» Problem statement
Without copying any picture, transcribe exactly the lines of the data below from the one containing "Washington Capitals' Anthony" through the one containing "Slide: The Image".

» Excerpted records

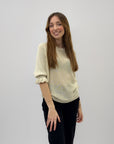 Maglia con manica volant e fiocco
---
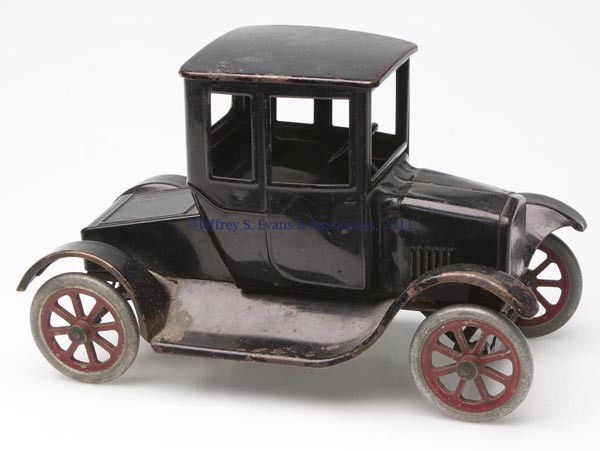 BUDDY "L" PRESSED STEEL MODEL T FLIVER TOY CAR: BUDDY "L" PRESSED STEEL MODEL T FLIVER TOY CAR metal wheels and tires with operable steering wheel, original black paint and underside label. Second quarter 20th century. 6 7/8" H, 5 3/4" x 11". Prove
==
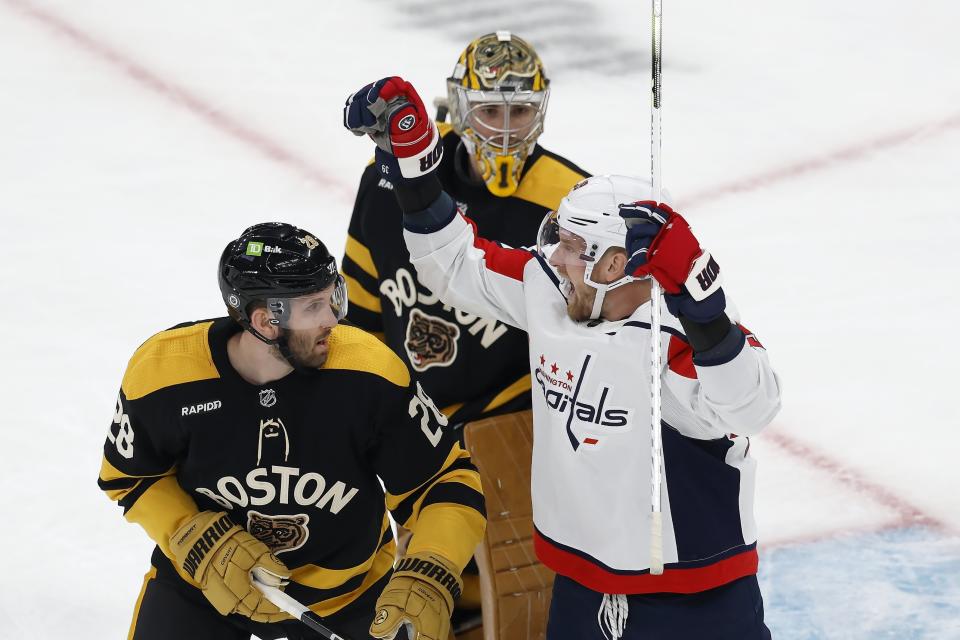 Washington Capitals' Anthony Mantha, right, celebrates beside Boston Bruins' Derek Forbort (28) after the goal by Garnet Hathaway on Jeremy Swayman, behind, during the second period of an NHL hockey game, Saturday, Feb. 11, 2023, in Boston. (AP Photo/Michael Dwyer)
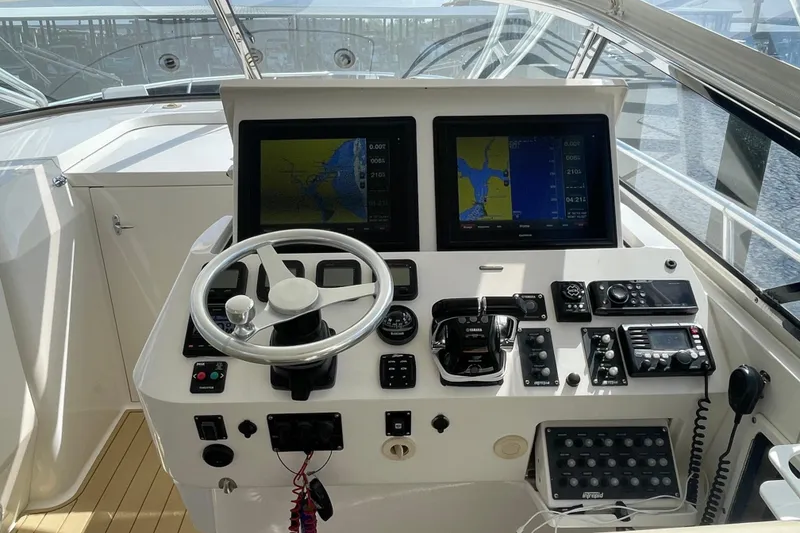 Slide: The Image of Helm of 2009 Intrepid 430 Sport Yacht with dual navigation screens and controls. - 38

» Task solution
 Washington Capitals' Anthony Mantha, right, celebrates beside Boston Bruins' Derek Forbort (28) after the goal by Garnet Hathaway on Jeremy Swayman, behind, during the second period of an NHL hockey game, Saturday, Feb. 11, 2023, in Boston. (AP Photo/Michael Dwyer)
 Slide: The Image of Helm of 2009 Intrepid 430 Sport Yacht with dual navigation screens and controls. - 38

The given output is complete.